Lehrer, Schüler und Eltern demonstrieren in Mannheim für mehr Geld für die Bildung
„Wir sind hier, wir sind laut, weil Ihr uns die Bildung klaut,“ skandieren die Demonstranten, als sie am Samstagnachmittag durch die Breite Straße ziehen. Mehrere hundert Eltern, Kinder, Lehrkräfte und Erzieherinnen sind unterwegs vom Alten Meßplatz zum Schloss. „The BildungsLÄND first“: Unter diesem Titel steht die Protestaktion, zu der Gesamtelternbeirat (GEB) und Gewerkschaft GEW aufgerufen haben.
Dabei geht es vor allem um die Situation an Schulen und Kitas. Iris Wittemann artikuliert während des Zugs die zahlreichen Forderungen laut und deutlich per Megafon, zum Beispiel ausreichende Krankheitsvertretungen, mehr Fachkräfte-Ausbildung, kleinere statt größere Kita-Gruppen und Klassen.
In ihrer Schule sei die Lage noch halbwegs gut, berichtet eine Lehrerin dem „Mannheimer Morgen“. Fast alle Deputatsstunden konnten besetzt werden, die Zahl der Krankheitsfälle sei (noch) sehr überschaubar. Dennoch müssten Kolleginnen ersetzt werden, was zum Beispiel dazu führe, dass ihre Sprachförderstunde für eine kleine Schülergruppe mit mangelnden Deutschkenntnissen immer mal wieder auf der Strecke bleibe, weil sie kurzfristig als Vertretung einspringen müsse.
Und an manch anderer Schule sieht es bereits deutlich schlechter aus.
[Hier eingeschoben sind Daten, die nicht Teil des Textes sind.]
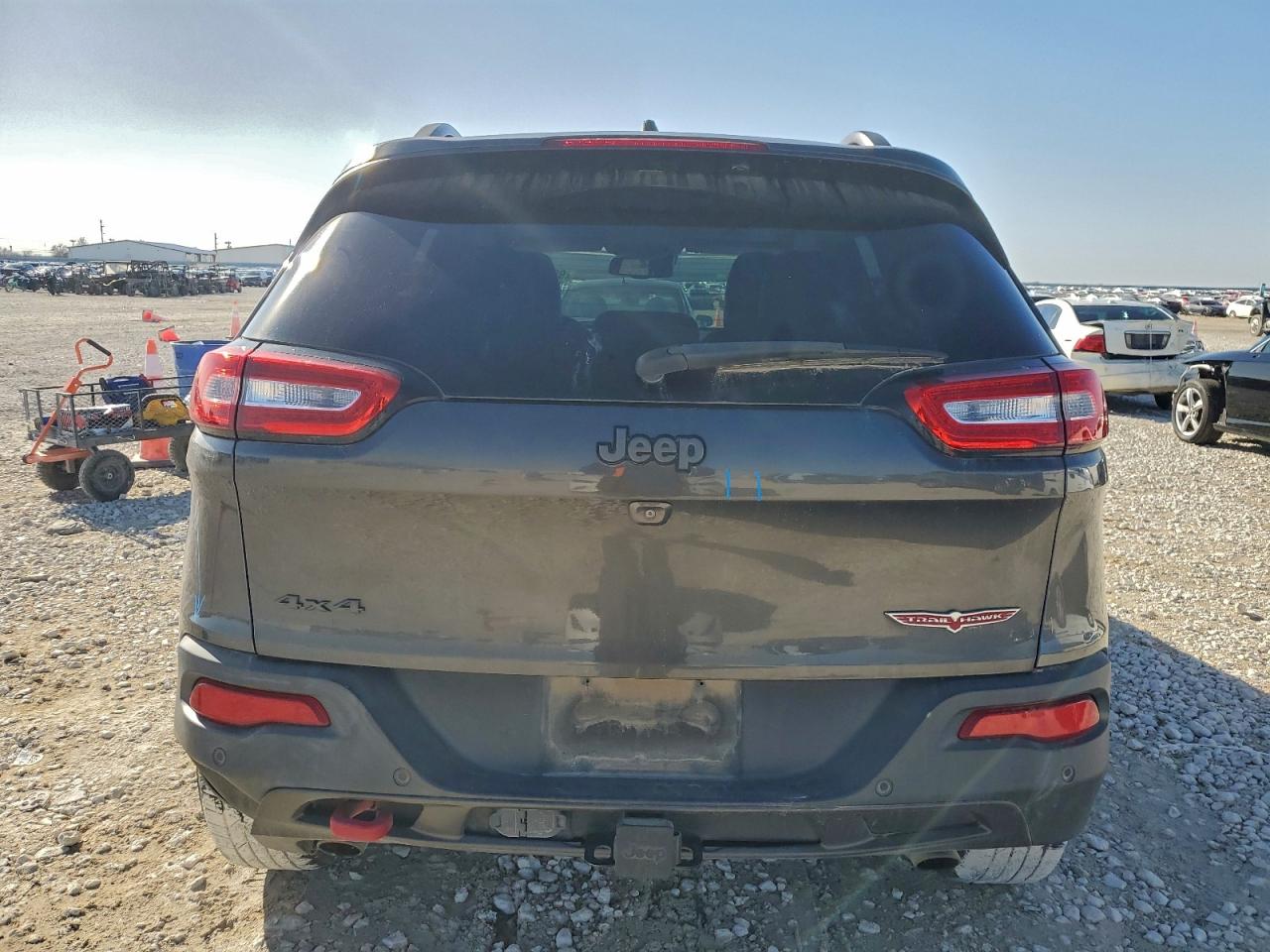 2014 JEEP CHEROKEE TRAILHAWK photo 6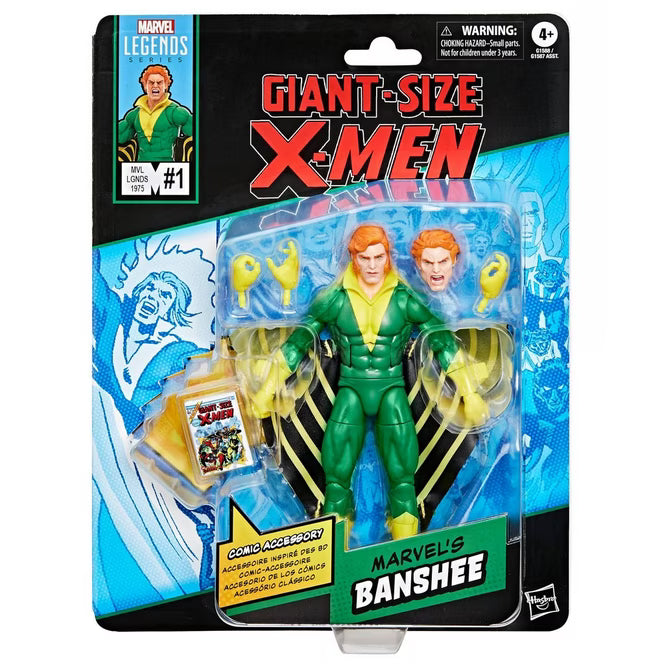 Hasbro Marvel Legends Giant-Size X-Men Banshee 6-in Action Figure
Die stellvertretende GEW-Landesvorsitzende Ricarda Kaiser berichtet dem „MM“, was ihr die Leiterin einer Mannheimer Ganztagsschule erzählt hat: „Es ist aktuell so, dass drei Kolleginnen mit vollem Deputat krank sind. Es fehlen 78 Stunden, es gibt keine Vertretung.“ So müssten bereits jetzt Klassen zusammengelegt werden.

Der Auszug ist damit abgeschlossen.